Following discussions involving the ECB's marketing team, clubs were instead told in April 2018 that the competition would use an entirely new form of cricket designed to be simpler to follow and shorter to fit television schedules. The more detailed proposal was presented by the ECB to the chair and chief executives of the first-class counties and the MCC on 19 April 2018, and was unanimously supported by the board of the new competition. At first it was proposed that each innings would involve 15 six-ball overs and a final 10-ball over.

In February 2019, the ECB announced tweaks to the proposed rules of 100-ball cricket. The competition will instead contain 10 ten-ball overs, i.e. a change of ends after ten balls. A bowler will be delivering five or 10 consecutive balls. A bowler would deliver a maximum of 20 balls per innings. Power-play conditions were also announced.

=== Amateur competitions ===
Trial events using the format took place at The Purchasers annual cricket festival at Belmont House in Kent, and club level in England.

In November 2018, the Warwickshire Cricket Board and Warwickshire County Club launched the 100-ball format club level tournament, which is designed to revitalise Sunday cricket at clubs across the Midlands. Called the Warwickshire Sunday Smash, the 16 team tournament is split into three divisions, with each side playing each team both home and away, throughout June and July. The teams include Solihull Blossomfield Cricket Club, Knowle & Dorridge, Sutton Coldfield, Bedworth, Alcester & Ragley, Stratford upon Avon, Water Orton, Four Oaks Saints, Moseley Ashfield and Aston Manor, who are all members of the Midlands Club Cricket Conference. The winners of each league and the best second place progressing to the Semi-Finals Day. The Finals Day took place on 1 September 2019 at Edgbaston. Stratford Upon Avon beat Knowle & Dorridge to win the first 100-ball competition in the UK.

Shropshire County Club introduced the Swancote Energy Smash, which began in June 2019. It is a six-team tournament that has been divided into two groups, with games being played every Thursday night.

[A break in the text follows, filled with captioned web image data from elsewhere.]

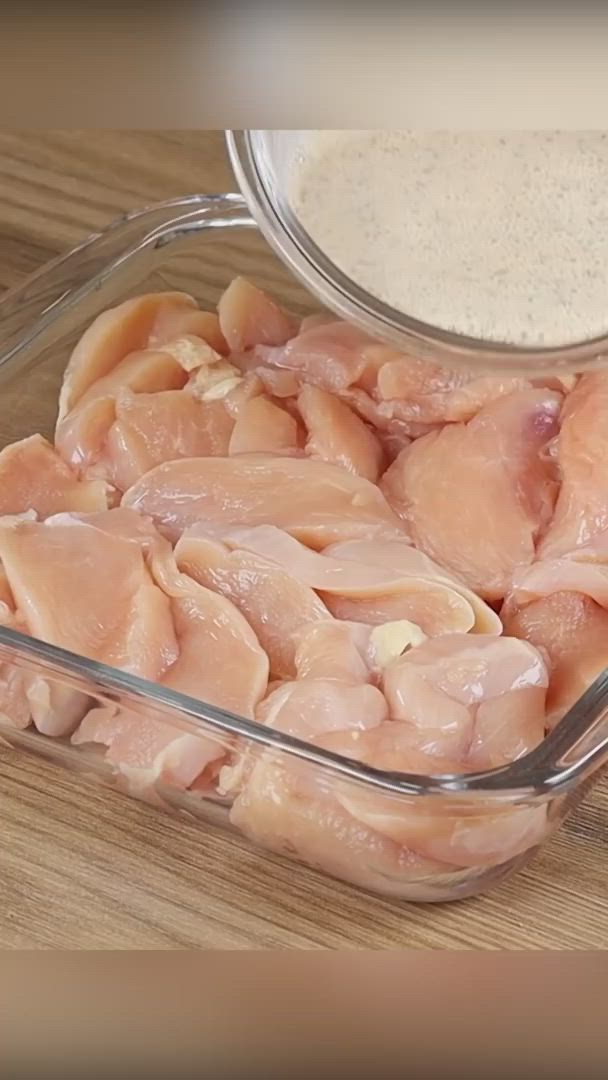 This may contain: chicken being poured into a glass dish on top of a wooden table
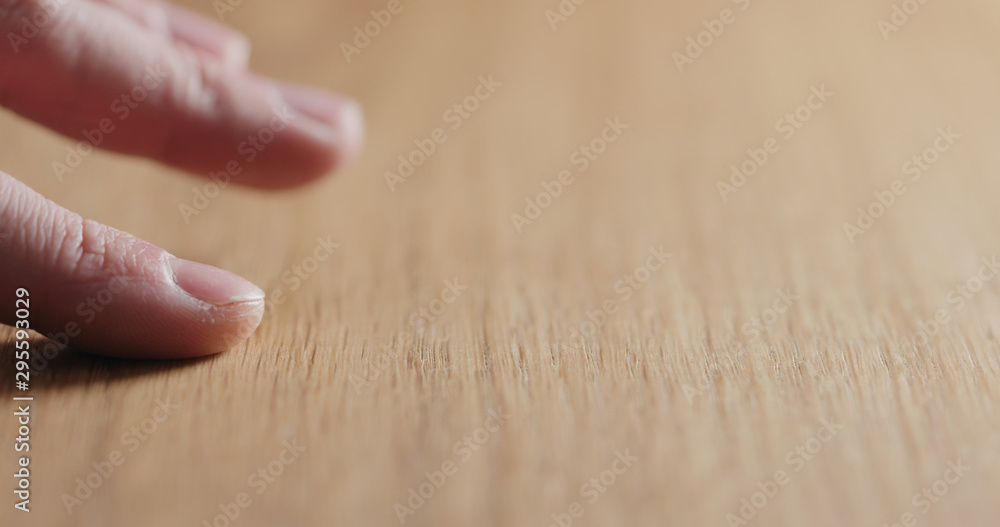 man hand touch oil finished oak wood surface man hand touch oil finished oak wood surface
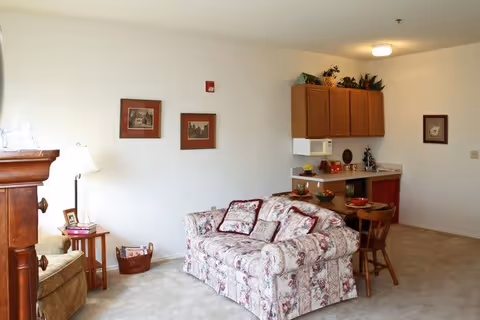A cozy living room area with a floral patterned sofa, a wooden side table with a lamp, and a small dining table with two chairs. The room has beige carpeting and white walls decorated with framed pictures. There is a kitchenette in the background with wooden cabinets, a microwave, and a small countertop with decorative items.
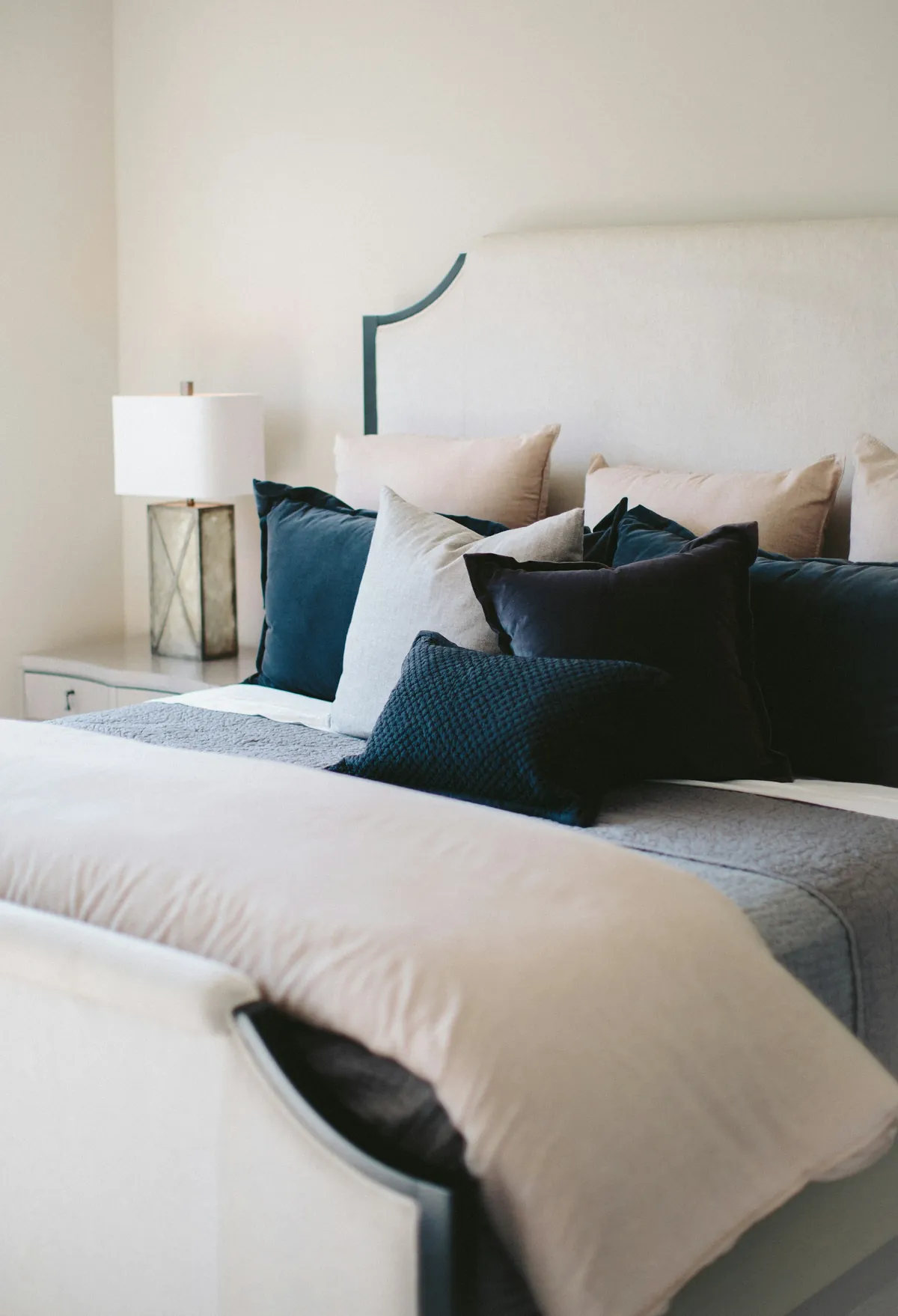 Bed with a white duvet and navy and white pillows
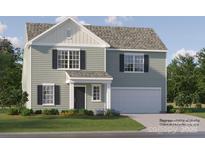 Charming two-story home with sage siding, black shutters, and a two-car garage offers a welcoming curb appeal at 1904 Old Ormand Ln, Bessemer City, NC 28016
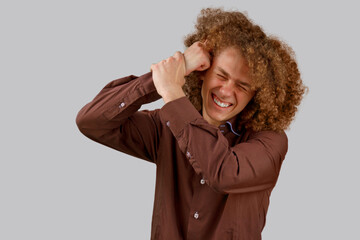 A long-haired curly-haired guy in a brown shirt on a gray background uses a wooden comb. Emotions before a haircut in a hairdresser. Pain from combing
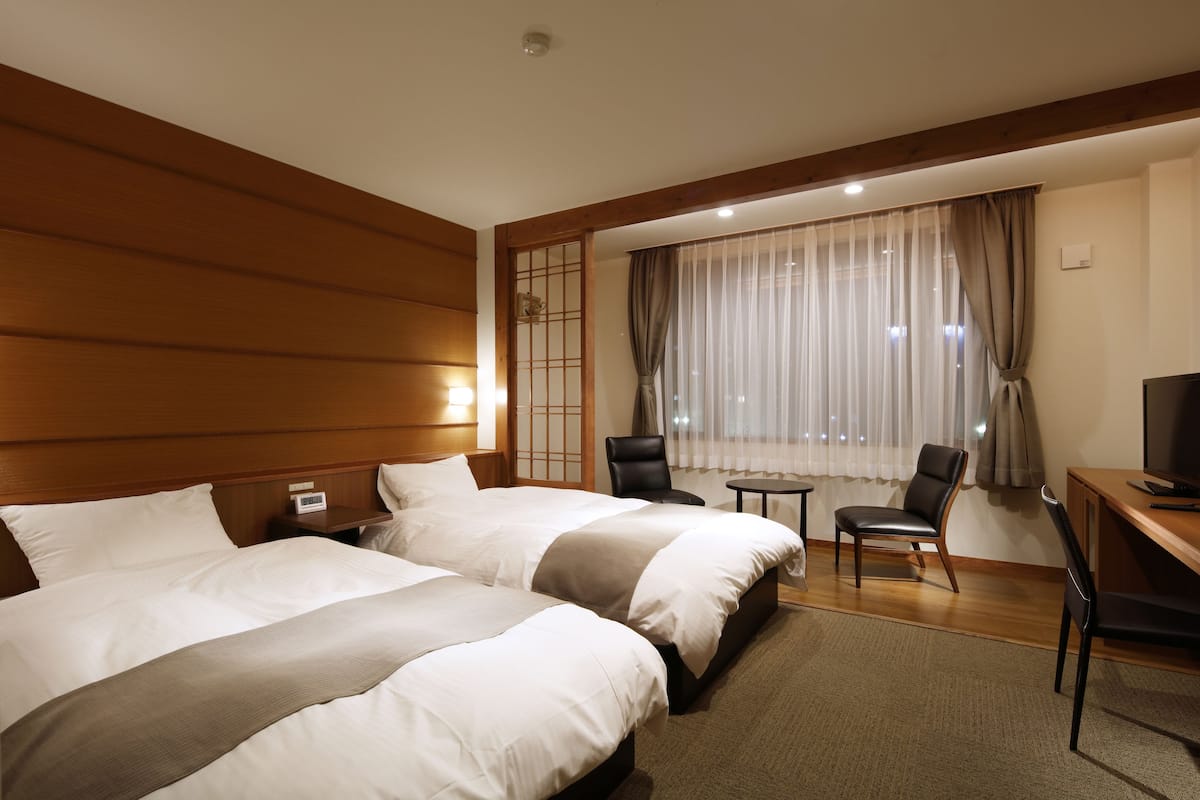 Une chambre d’hôtel avec deux lits, un bureau, une chaise et un téléviseur.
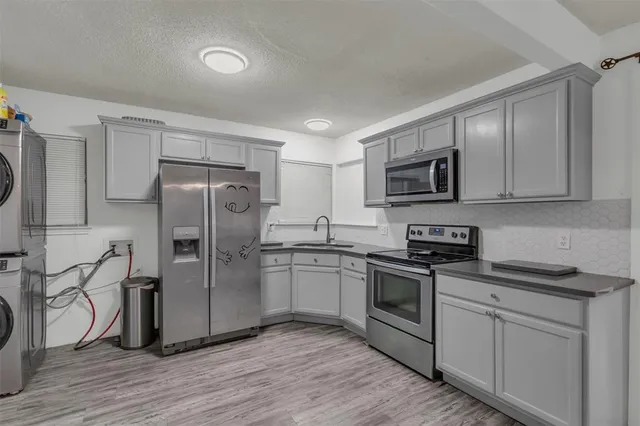 a kitchen with stainless steel appliances a refrigerator stove and microwave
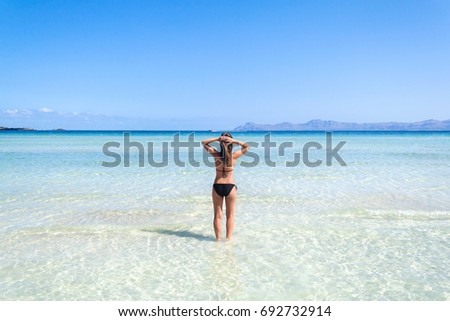 Young woman in bikini standing in clear blue water on the beautiful beach of Alcudia, Mallorca, Spain.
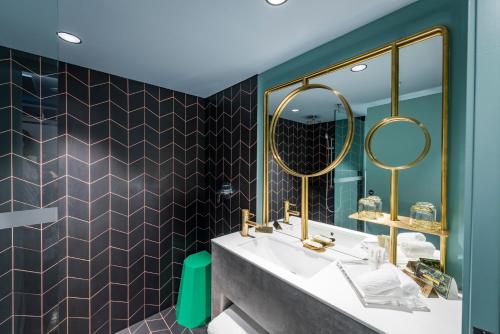 a bathroom with a sink and a mirror at Naumi Auckland Airport Hotel in Auckland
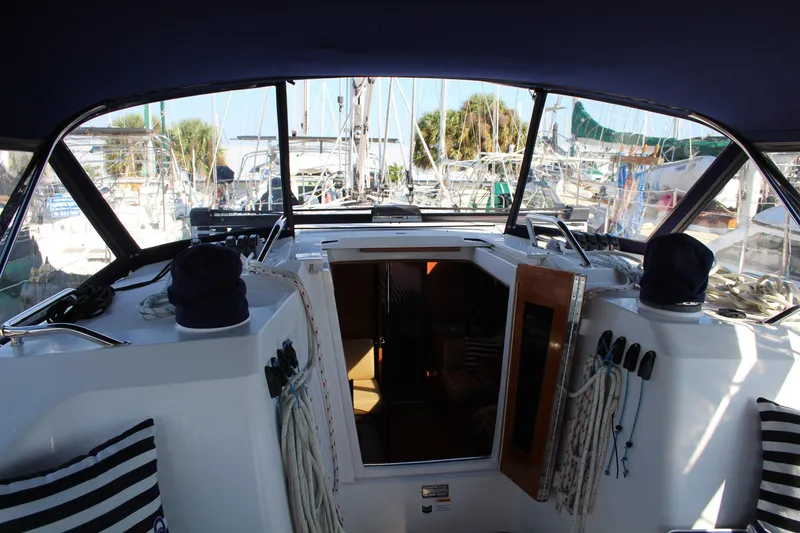 Slide: The Image of Cockpit view of 2011 Catalina 445 sailboat docked at marina. - 37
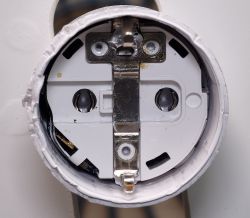 View of the interior of a disassembled smart plug showing metal and plastic components.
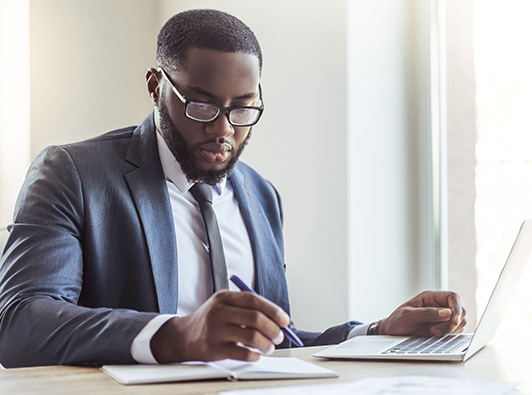 Law professional at desk with laptop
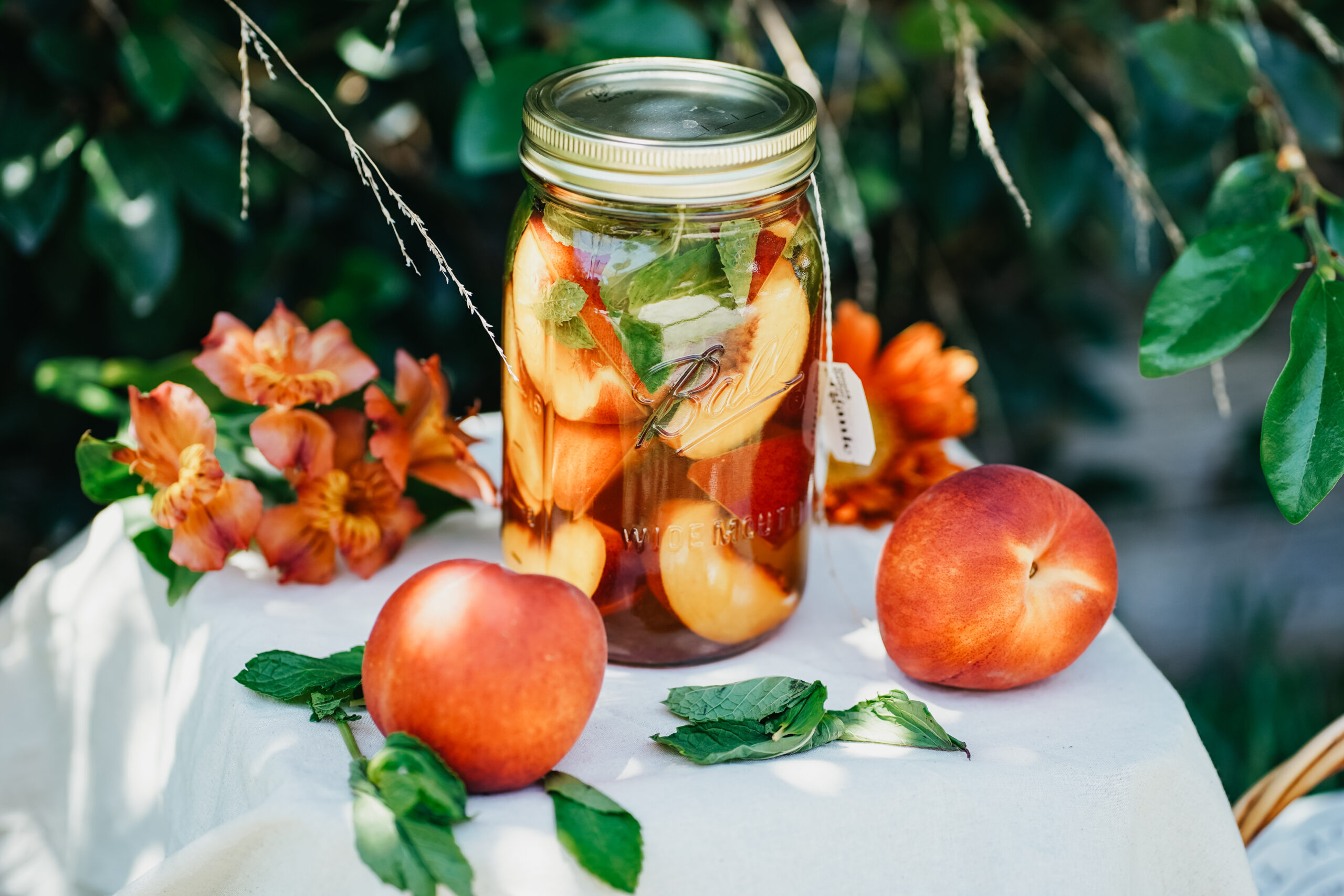 jar of peppy peach tea on a table with flowers and peaches on the table next to it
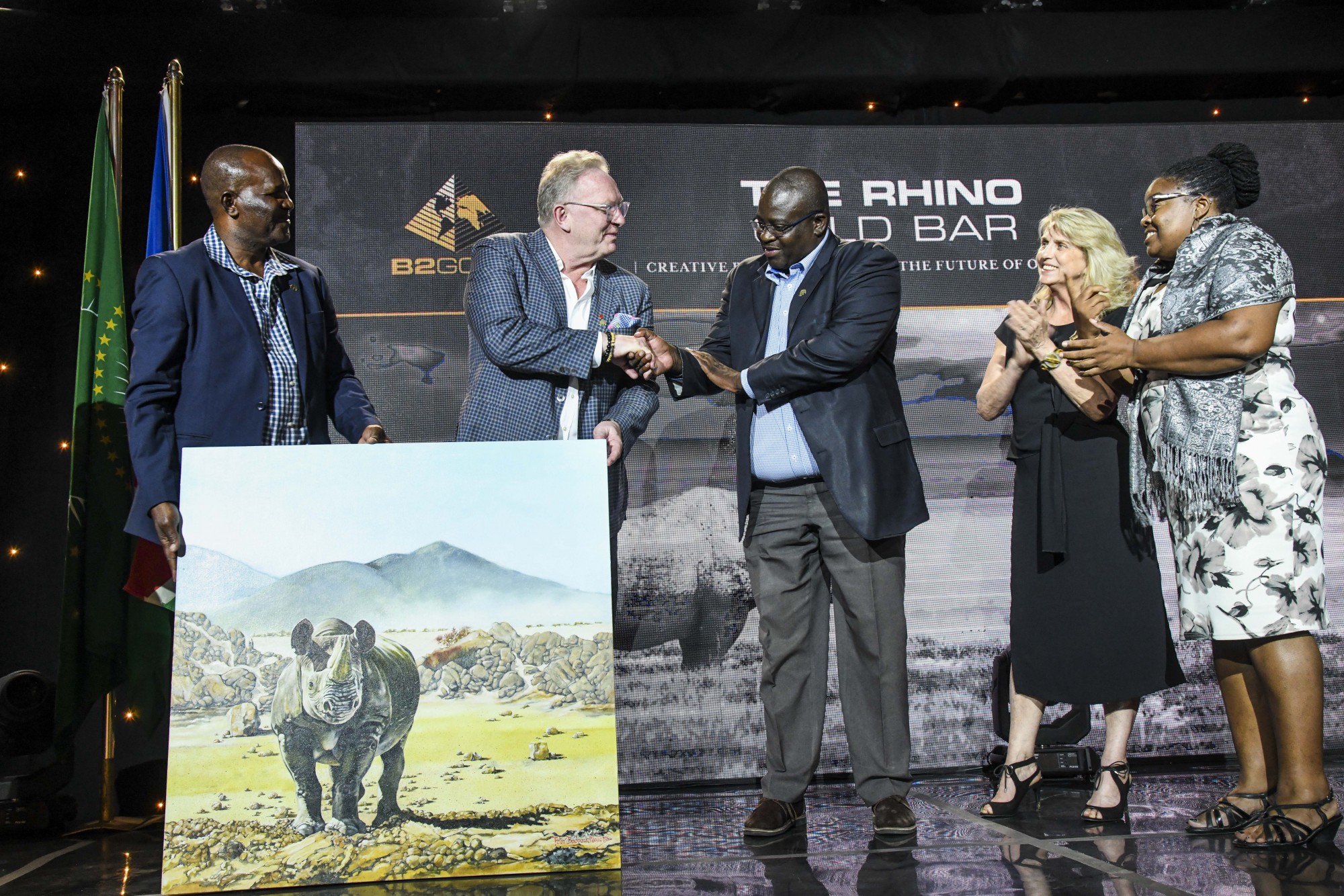 Members from Save the Rhino Trust “SRT” and Integrated Rural Development and Nature Conservation “IRDNC” presenting a token of their appreciation to Clive Johnson (President, CEO & Director, B2Gold Corp.).  From left to right: Simson Uri-Khob (CEO, SRT), Clive Johnson, John Kasaona (Executive Director, IRDNC), Ginger Mauney (Director, SRT) and Maxi Louis (Board of Trustees Chairperson, SRT)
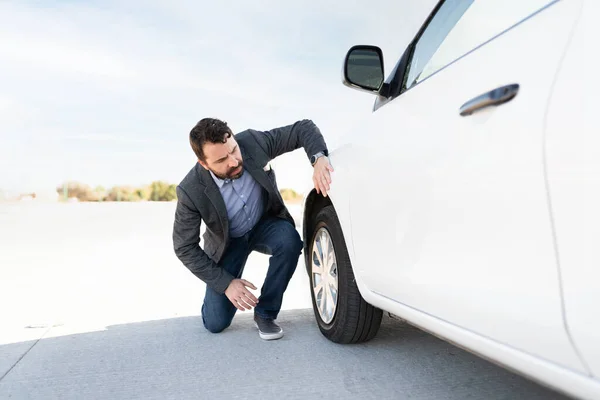 ヒスパニック系の男は平らなタイヤのために彼の車をチェック 高速道路の脇に車の問題が停まっている30代の男 — ストック写真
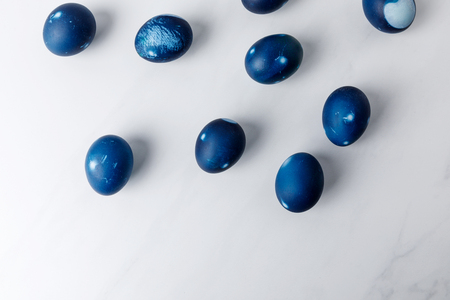 top view of blue painted easter eggs on white surfaceの写真素材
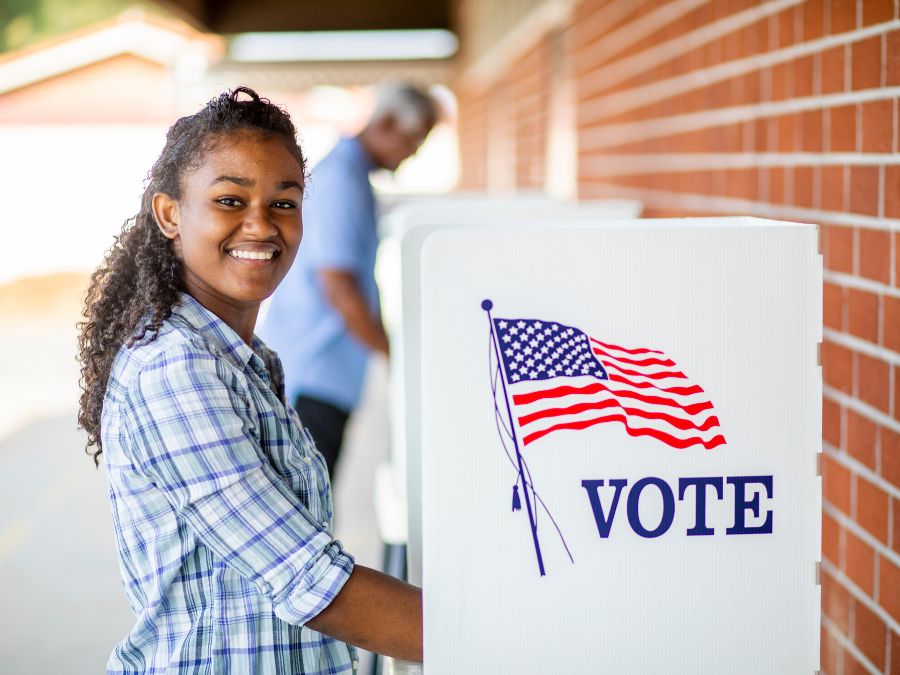 Young girl voting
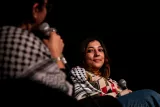 Deux femmes discutent sur scène, l'une sourit en écoutant l'autre.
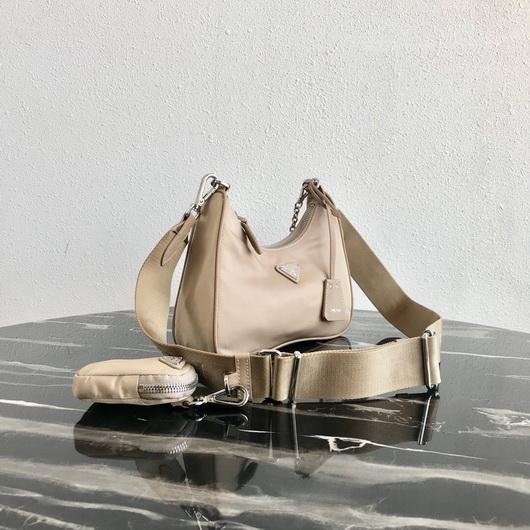 Our Factory offer best Designer HIGH quality replica handbags in cheaper price! Up to 70% discount now. Quality Guarantee! Fast Shipping Worldwide Replica Prada 1BH204 Prada Re-Edition 2005 Nylon Bag Apricot38739 - Image 1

The winners of each group is due to play in the inaugural final in early September 2019. The six teams are Shifnal, Claverley, Worfield, Bridgnorth, Chelmarsh and Wombourne.

In May 2021 Shropshire Cricket league launched two 100-ball knock out competitions, known as the Aaron's 100 and Aaron's Premier 100, involving 53 teams from across Shropshire and mid-Wales.

Cricket Wales launched the Cricket Wales U19's 100 Ball Cup for under 19 year olds. It started on 25 June 2021 and is due to end with the final on 13 August 2021 at Ynystawe Cricket Club.

The Cricket Paper National Girls U18 100 Ball Cup was established by Shrewsbury School. Originally known as the Shrewsbury School Girls U18 T20 in 2019, it is now a 100-ball cricket competition.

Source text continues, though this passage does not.